- _GOAL OF THE EXERCISE_
The answer should hold only the lines from the one that contains "Phenotyping and Genotyping" through the last line of the material, repeated exactly, without pictures.

- _SUPPLIED DATA_
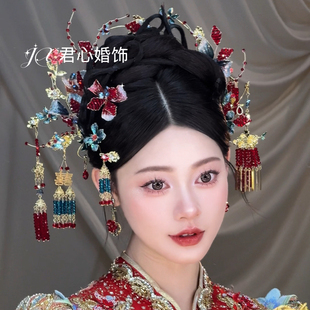 君心家 xsD478红蓝撞色不对称发钗九件套新娘秀禾头饰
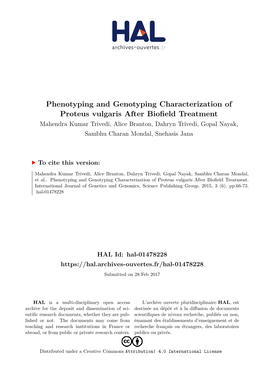 Phenotyping and Genotyping Characterization of Proteus Vulgaris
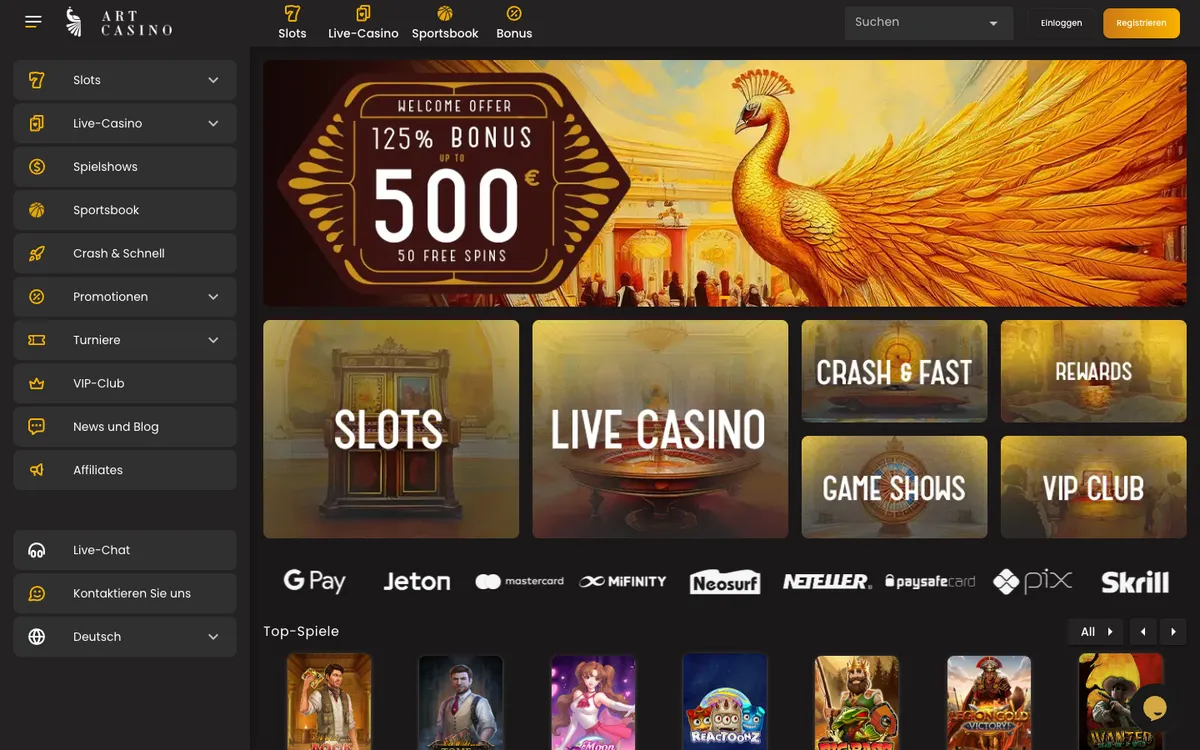 ArtCasino — Home page, captured from Germany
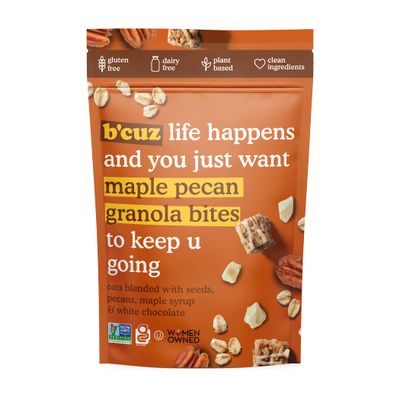 B&#39;cuz Granola Bites 4-Bag Gluten Free Healthy Snacks for adults, Healthy Granola Gluten Free Snack - Kosher Snacks for Kids, Vegan Snack - 3 oz Maple-Pecan (Pack of 4)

- _EXPECTED ANSWER_
 Phenotyping and Genotyping Characterization of Proteus Vulgaris
 ArtCasino — Home page, captured from Germany
 B&#39;cuz Granola Bites 4-Bag Gluten Free Healthy Snacks for adults, Healthy Granola Gluten Free Snack - Kosher Snacks for Kids, Vegan Snack - 3 oz Maple-Pecan (Pack of 4)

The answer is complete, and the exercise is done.